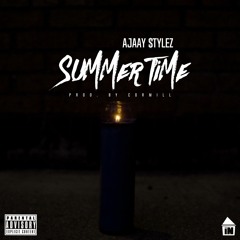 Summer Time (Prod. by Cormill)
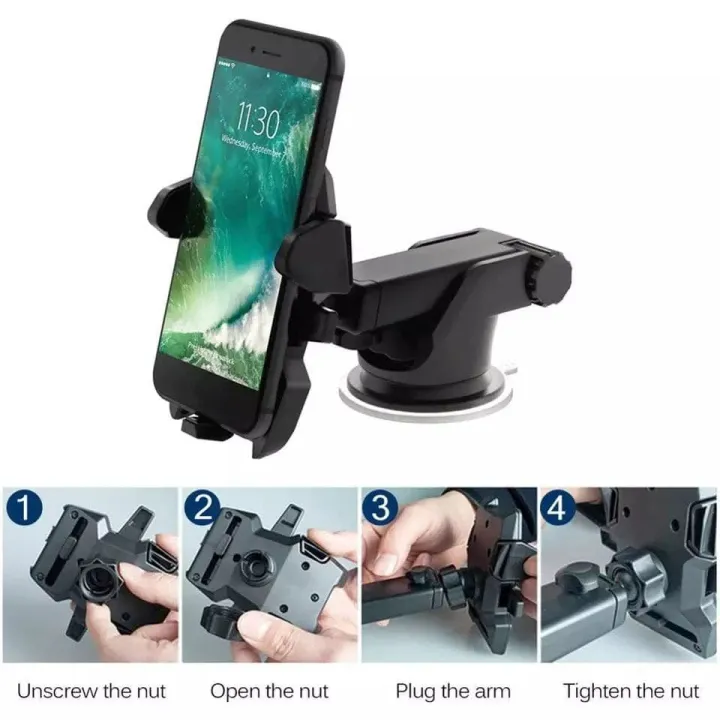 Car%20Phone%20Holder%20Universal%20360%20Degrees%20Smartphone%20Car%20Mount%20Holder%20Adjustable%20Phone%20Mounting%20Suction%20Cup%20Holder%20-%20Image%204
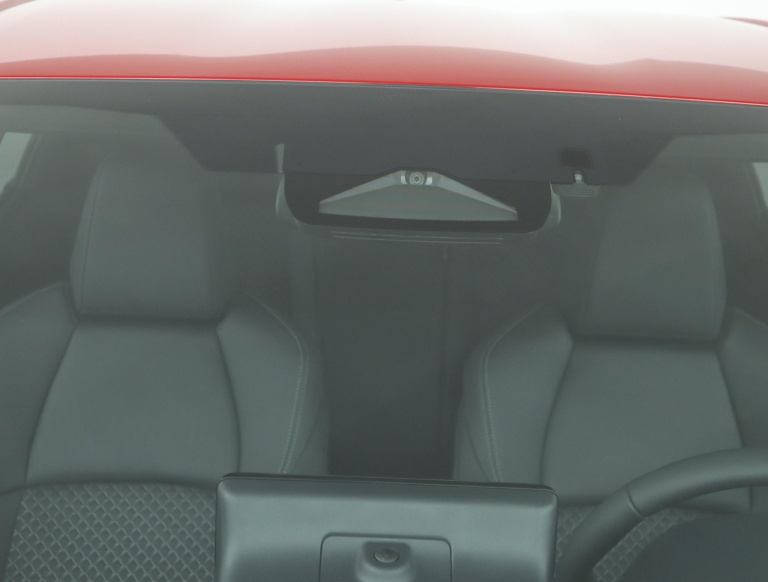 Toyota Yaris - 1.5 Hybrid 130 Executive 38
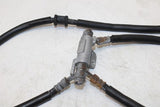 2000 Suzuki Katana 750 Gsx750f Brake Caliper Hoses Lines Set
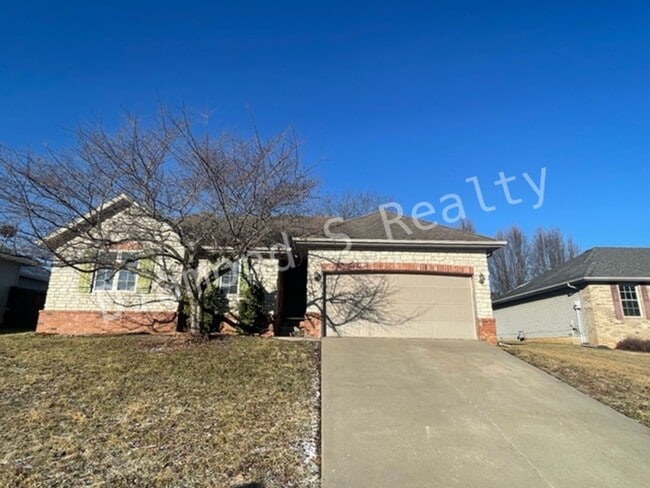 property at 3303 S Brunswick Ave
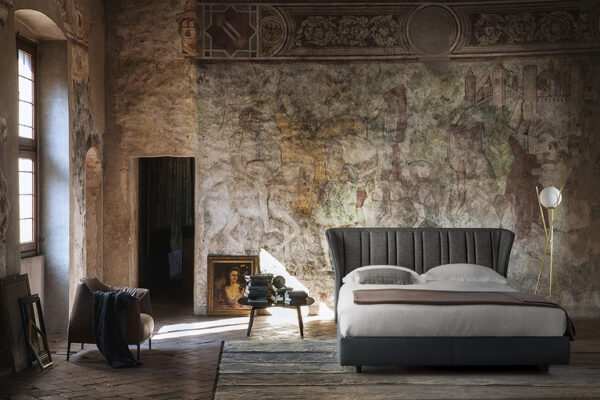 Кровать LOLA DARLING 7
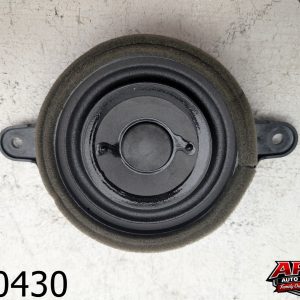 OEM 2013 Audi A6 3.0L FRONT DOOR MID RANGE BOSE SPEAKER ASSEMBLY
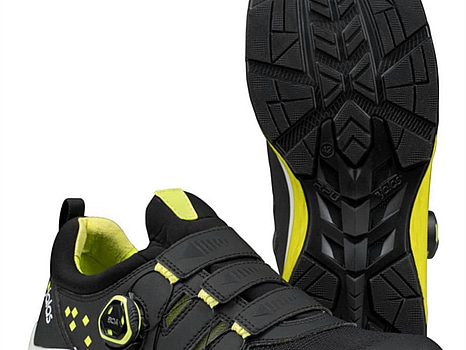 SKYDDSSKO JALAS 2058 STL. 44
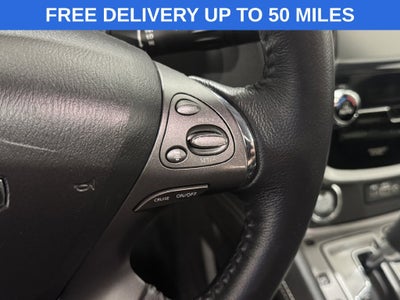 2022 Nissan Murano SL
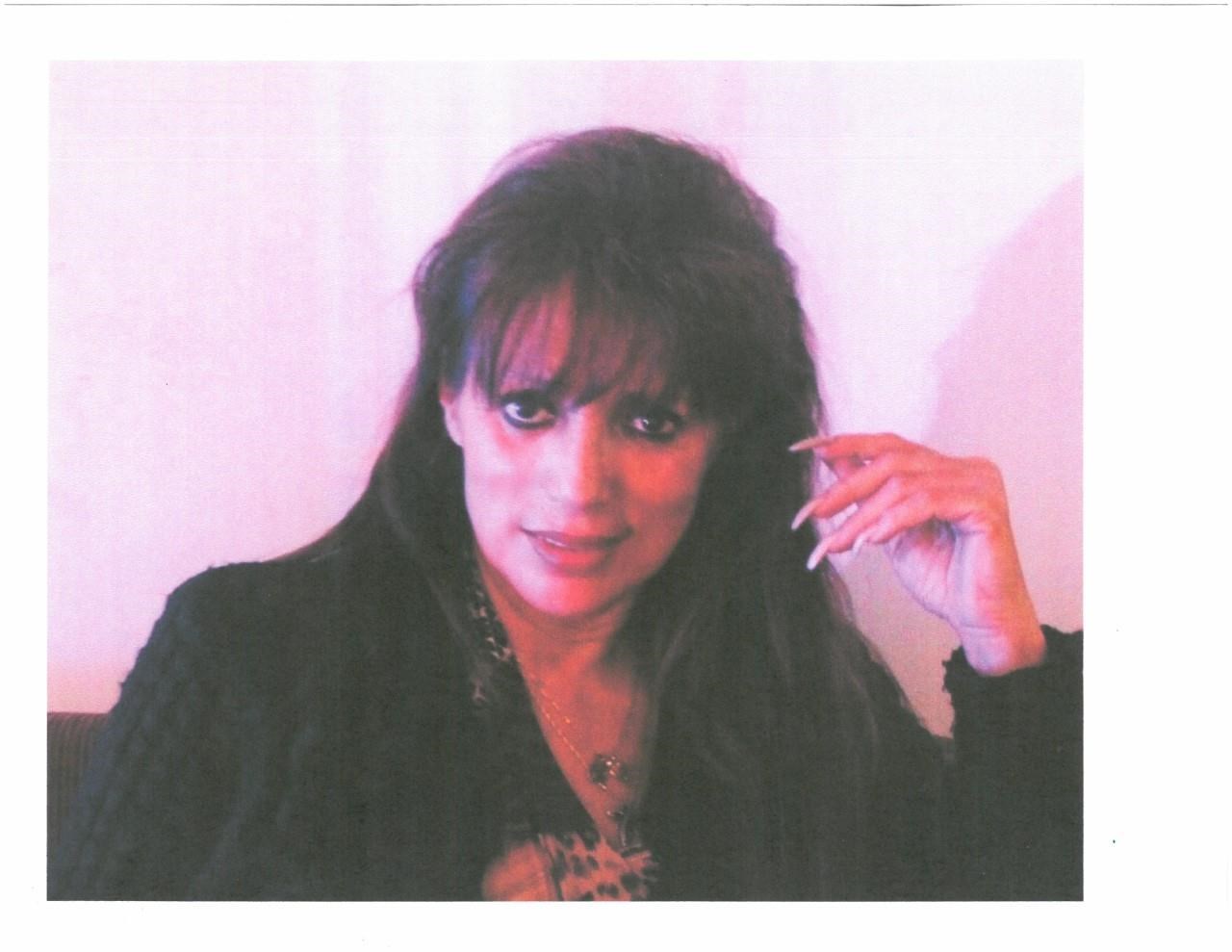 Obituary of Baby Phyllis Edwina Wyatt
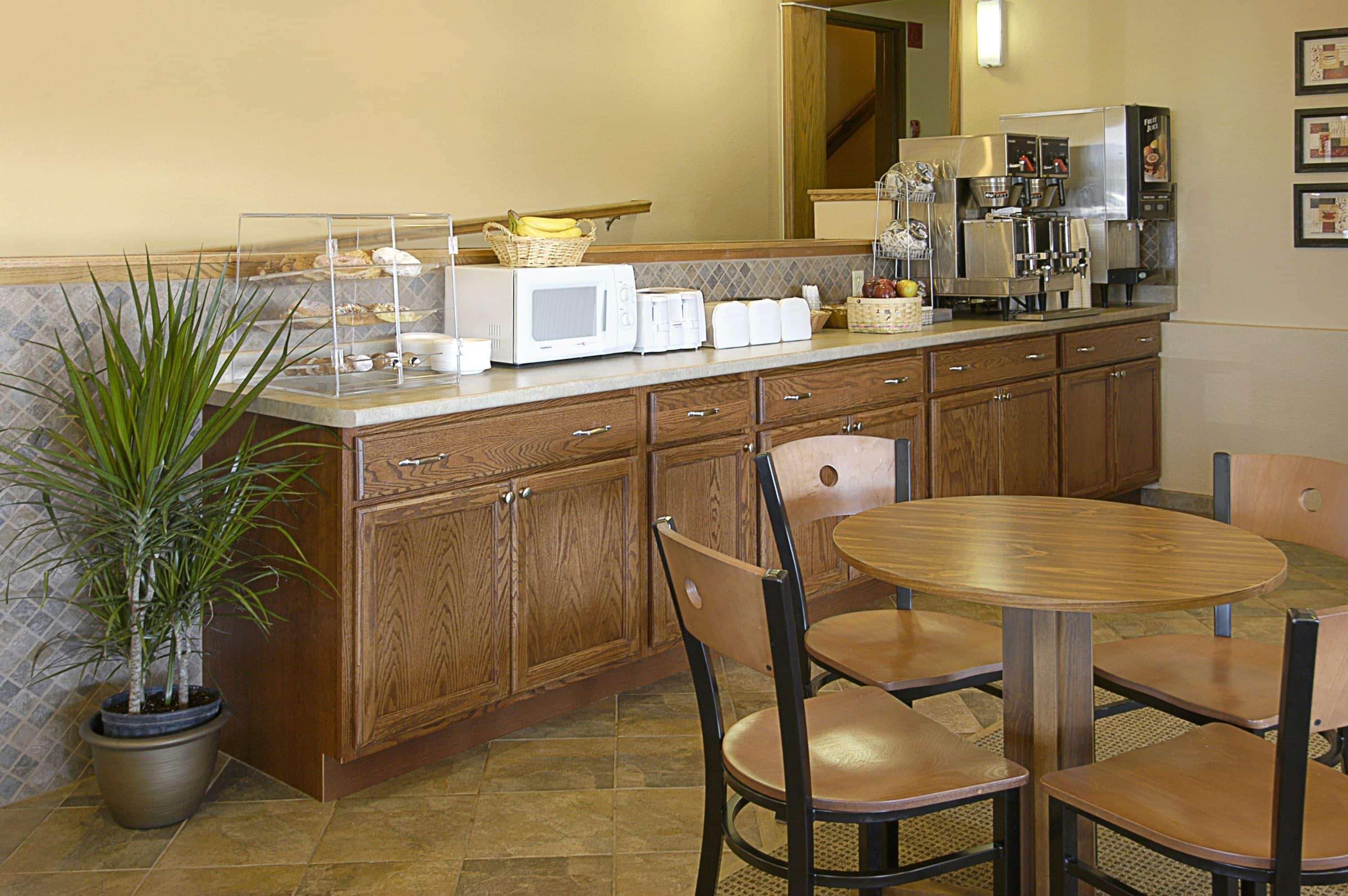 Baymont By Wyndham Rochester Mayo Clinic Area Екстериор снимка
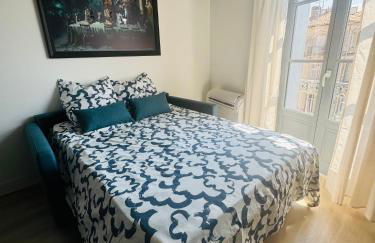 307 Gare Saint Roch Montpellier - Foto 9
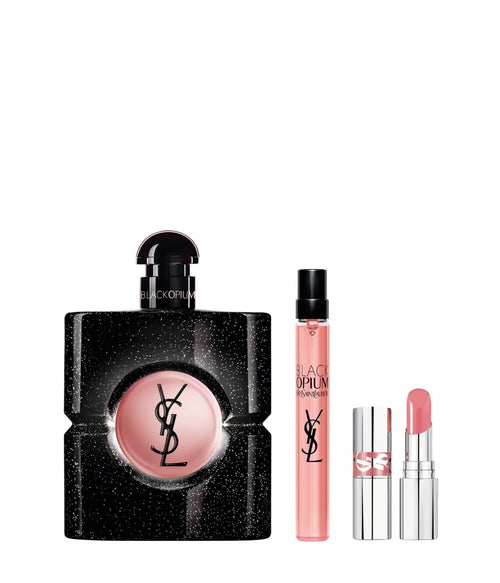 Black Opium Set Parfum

Task prompt: Your answer must be exactly the lines from the one containing "307 Gare Saint Roch Montpellier - Foto 9" through the last line of the records above, both included, with every picture left out.

Output of the exercise:
 307 Gare Saint Roch Montpellier - Foto 9
 Black Opium Set Parfum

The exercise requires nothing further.